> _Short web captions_
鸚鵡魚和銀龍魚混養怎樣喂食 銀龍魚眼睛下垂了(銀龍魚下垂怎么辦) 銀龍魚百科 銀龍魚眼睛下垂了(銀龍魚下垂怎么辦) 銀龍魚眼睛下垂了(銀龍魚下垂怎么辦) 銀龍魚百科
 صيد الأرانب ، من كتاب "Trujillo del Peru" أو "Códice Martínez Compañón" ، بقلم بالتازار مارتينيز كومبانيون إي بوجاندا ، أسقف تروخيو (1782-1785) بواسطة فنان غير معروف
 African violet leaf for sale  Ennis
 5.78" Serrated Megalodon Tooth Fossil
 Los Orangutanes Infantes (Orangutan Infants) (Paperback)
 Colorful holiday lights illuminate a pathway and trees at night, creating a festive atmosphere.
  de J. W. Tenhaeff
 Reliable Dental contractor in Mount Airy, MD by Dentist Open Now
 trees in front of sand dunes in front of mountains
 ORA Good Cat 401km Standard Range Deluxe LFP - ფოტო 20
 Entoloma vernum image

> _EXERCISE OBJECTIVE_
Return only those lines that run from the one containing "Los Orangutanes Infantes" through the end of the entries, keeping each exactly as written.

> _RESPONSE TO THIS TASK_
 Los Orangutanes Infantes (Orangutan Infants) (Paperback)
 Colorful holiday lights illuminate a pathway and trees at night, creating a festive atmosphere.
  de J. W. Tenhaeff
 Reliable Dental contractor in Mount Airy, MD by Dentist Open Now
 trees in front of sand dunes in front of mountains
 ORA Good Cat 401km Standard Range Deluxe LFP - ფოტო 20
 Entoloma vernum image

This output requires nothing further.